Data segment: Begin
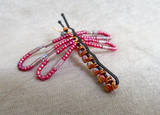 Native Zuni Adorable Beaded Dragonfly Bobby Pin for Hair by Pamela Lasiloo M0028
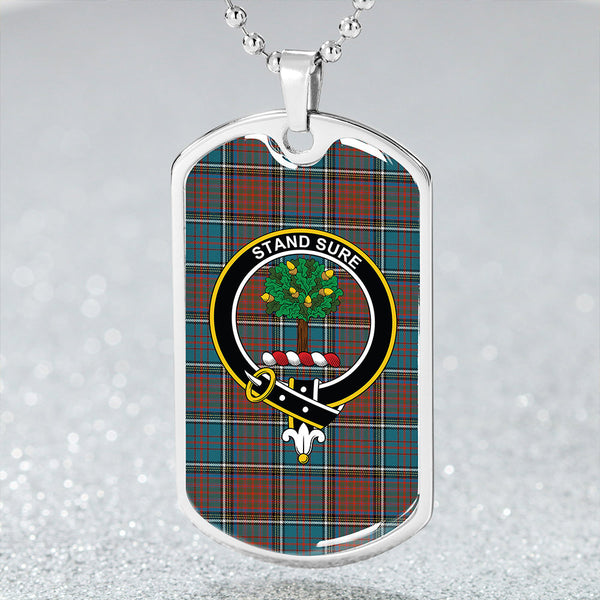 Anderson Highland Society of London Ancient Clan Badge Classic Tartan Dog Tag Necklace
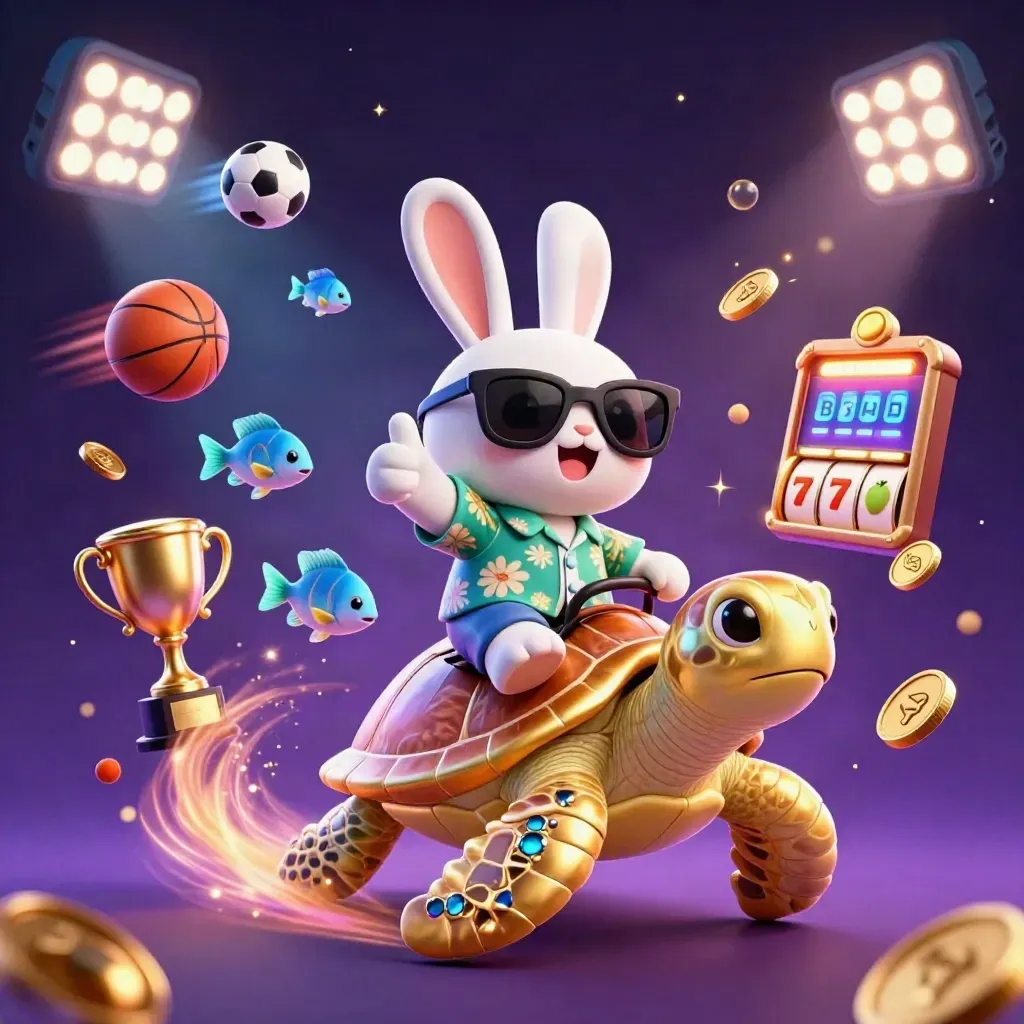 Lucky rabbit rides a golden sea turtle amid casino sparks, balls, reels, coins, and teal glow.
Data segment: End
Problem to work on ->
With the pictures removed, copy the data above word for word.

Solution to the exercise ->
 Native Zuni Adorable Beaded Dragonfly Bobby Pin for Hair by Pamela Lasiloo M0028
 Anderson Highland Society of London Ancient Clan Badge Classic Tartan Dog Tag Necklace
 Lucky rabbit rides a golden sea turtle amid casino sparks, balls, reels, coins, and teal glow.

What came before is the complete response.